The step 2 preprocessing is specifically to decompose, denoise and reconstruct the EEG signal by the FastICA algorithm.
The decomposition, denoising and reconstruction of the EEG signal by the FastICA algorithm specifically comprises the following steps:
s1, centralization: calculating the mean value of the mixed signal X, and then subtracting the mean value from X, as shown in equation (1):
X=X-E(X) (1)
in the formula (1), X is a mixed signal, and E (X) is a signal mean value;
s2, whitening: the specific process is shown as formula (2):
E[XX T ]=C X =UΛU T (2)
in the formula (2), C X Is E (XX) T ) Given the covariance matrix of X, Λ ═ diag (λ) 1 ,λ 2 ,…λ n ) Is that the diagonal element is C X Diagonal matrix of eigenvalues, U ═ U 1 ,u 2 ,…,u n ]Is a characteristic value of C X Characteristic vector of (1), UΛ U T A characteristic decomposition part of the covariance matrix;
Z=K×X (3)
in the formula (3), Z is the updated whitening matrix, K is the whitening matrix, and X is the signal after mean value removal;
Figure BDA0003732647040000041
in the formula (4), K is a whitening matrix, and Λ ═ diag (λ) 1 ,λ 2 ,…λ n ) Is that the diagonal element is C X Diagonal matrix of eigenvalues, U ═ U 1 ,u 2 ,…,u n ]Is a characteristic value of C X The feature vector of (2);
the matrix Z after whitening is: as shown in the formula (5),
Figure BDA0003732647040000051
in formula (5), where I is an identity matrix, Z is an updated whitening matrix, K is a whitening matrix, and Λ ═ diag (λ) 1 ,λ 2 ,…λ n ) Is that the diagonal element is C X Diagonal matrix of eigenvalues, U ═ U 1 ,u 2 ,…,u n ]Is a characteristic value of C X Characteristic vector of (1), UΛ U T A characteristic decomposition part of the covariance matrix;
s3, initializing W i
S4, for W i Updating is carried out, as shown in the formula (6),
W i =E{Zg(W i T Z)}-E{g′(W i T Z)}W (6)
in equation (6), W is a matrix initialized with all 0s, W i I column of W;
s5, orthogonalizing W i As shown in the formula (7),
W i =W i -∑(W i T W j )W j (7)
in formula (7), W i Is the ith column of W, W j Is the jth column of W;
s6, normalizing W i As shown in the formula (8),
W i =W i /||W i || (8)
in formula (8), W i Is the ith column of W, | W i I is W i The mold of (4);
s7, checking whether the iteration converges, if not converging to S4, when both converge to S3, initializing the next W i (i++)
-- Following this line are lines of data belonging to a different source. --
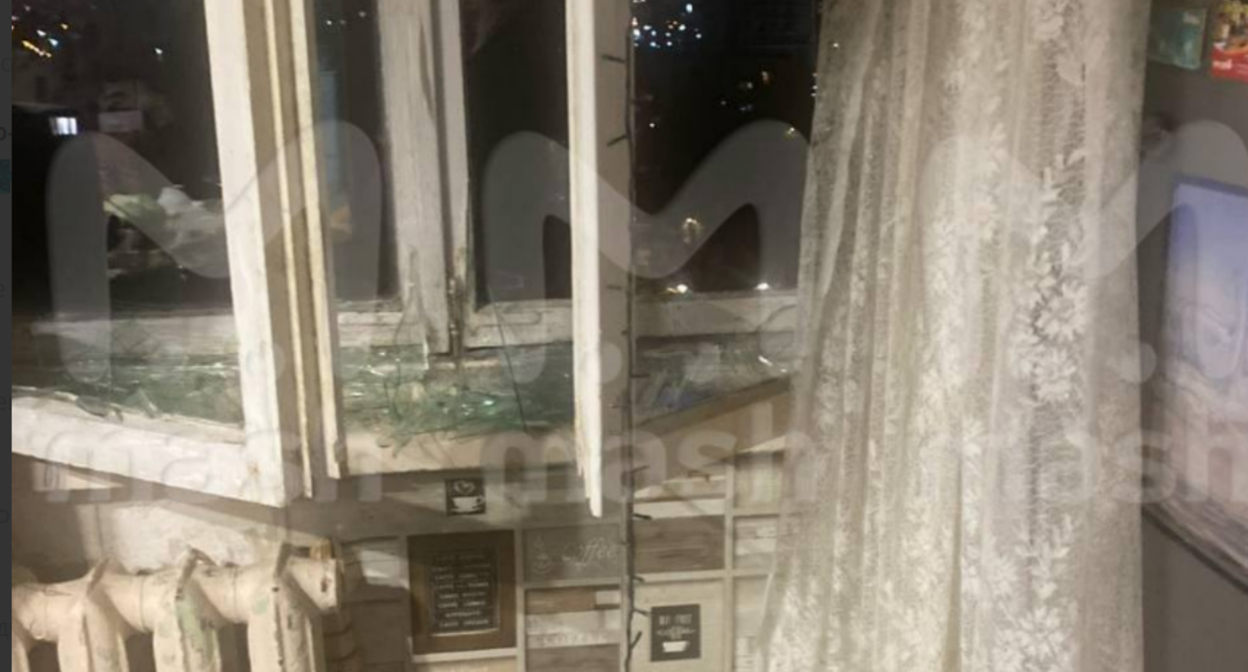 Разбитые окна после атаки БПЛА в одной из волгоградских квартир. Скриншот фото Mash от 16.11.25, https://t.me/mash/69428.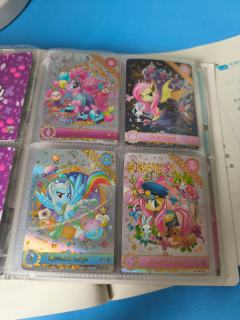 帮我看看这些卡一共多少钱？（除了里面的假卡）求👏👏👏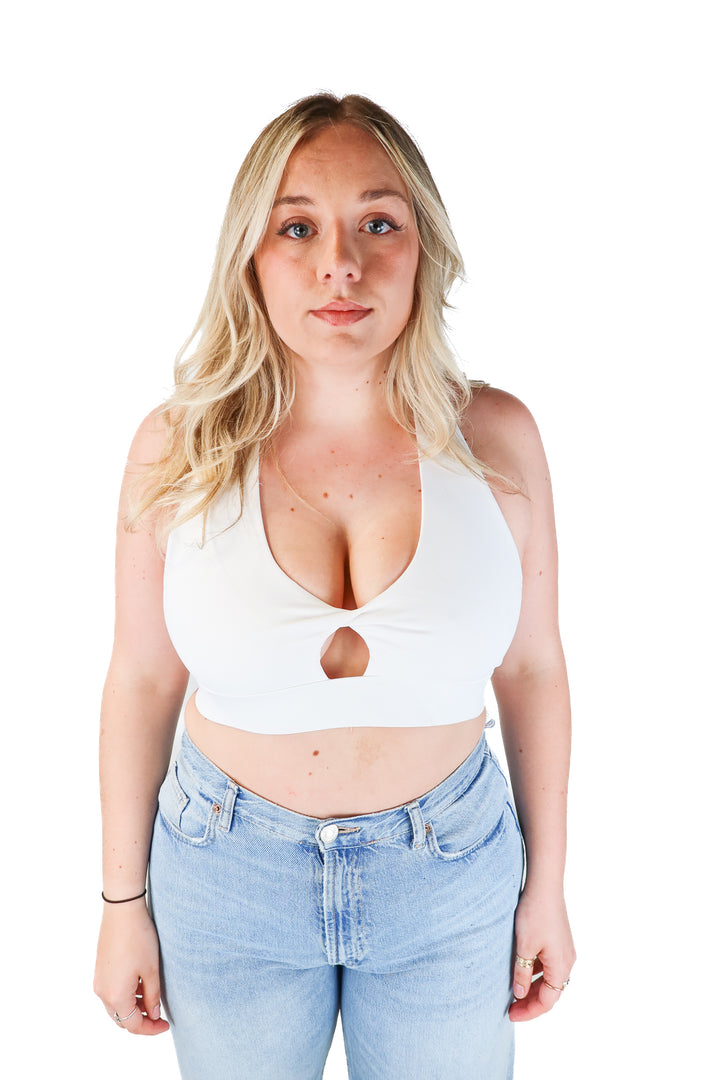 fabletics white sports bra (XL)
S8, the separated signal is reconstructed to obtain the source signal S, as shown in equation (9).
S=WKX (9)
In the formula (9), S is a reconstructed source signal, W is a matrix initialized by all 0S, K is a whitening matrix, and X is a signal after mean value removal;
the loss function in step 4 is shown in equations (11), (12) and (13):
Figure BDA0003732647040000061
ω k =μ k max(1,log(μ k M/M k )) (12)
Figure BDA0003732647040000062
in equations (11), (12) and (13), λ represents a penalty factor representing a degree of penalty, ω, for the entire network weight k Denotes the weight, μ, assigned to the k class k Is an adjustable parameter, M k Is the number of samples for the class k.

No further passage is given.